WORK REQUIRED - Locate the line that contains "云南富硒古树茶产地、价格及品种" in the entries below, then repeat it and every following line through the line that contains "The History of", exactly, and no others.
+-------+
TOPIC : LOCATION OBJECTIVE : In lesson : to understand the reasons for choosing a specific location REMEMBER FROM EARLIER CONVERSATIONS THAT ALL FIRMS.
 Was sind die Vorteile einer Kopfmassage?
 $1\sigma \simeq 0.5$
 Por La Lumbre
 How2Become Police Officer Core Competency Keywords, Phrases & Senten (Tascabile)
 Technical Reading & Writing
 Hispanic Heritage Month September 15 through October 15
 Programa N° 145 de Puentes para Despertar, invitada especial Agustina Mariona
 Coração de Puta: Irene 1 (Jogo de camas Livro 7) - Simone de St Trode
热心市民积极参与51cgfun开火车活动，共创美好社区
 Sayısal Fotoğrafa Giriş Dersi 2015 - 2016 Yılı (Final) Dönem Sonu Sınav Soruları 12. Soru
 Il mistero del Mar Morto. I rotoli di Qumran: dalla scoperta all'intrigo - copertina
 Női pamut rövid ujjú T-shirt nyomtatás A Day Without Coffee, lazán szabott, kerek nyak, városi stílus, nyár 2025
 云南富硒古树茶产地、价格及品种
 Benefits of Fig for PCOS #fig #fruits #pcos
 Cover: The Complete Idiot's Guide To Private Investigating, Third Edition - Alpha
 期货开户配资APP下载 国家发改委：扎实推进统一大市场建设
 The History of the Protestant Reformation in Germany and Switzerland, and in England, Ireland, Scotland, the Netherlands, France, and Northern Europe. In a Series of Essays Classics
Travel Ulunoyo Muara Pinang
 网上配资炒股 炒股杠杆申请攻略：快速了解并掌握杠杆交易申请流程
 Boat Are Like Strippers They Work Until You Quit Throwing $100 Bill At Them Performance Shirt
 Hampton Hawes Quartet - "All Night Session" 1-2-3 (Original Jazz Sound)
+-------+
THE COMPLETED TASK -
 云南富硒古树茶产地、价格及品种
 Benefits of Fig for PCOS #fig #fruits #pcos
 Cover: The Complete Idiot's Guide To Private Investigating, Third Edition - Alpha
 期货开户配资APP下载 国家发改委：扎实推进统一大市场建设
 The History of the Protestant Reformation in Germany and Switzerland, and in England, Ireland, Scotland, the Netherlands, France, and Northern Europe. In a Series of Essays Classics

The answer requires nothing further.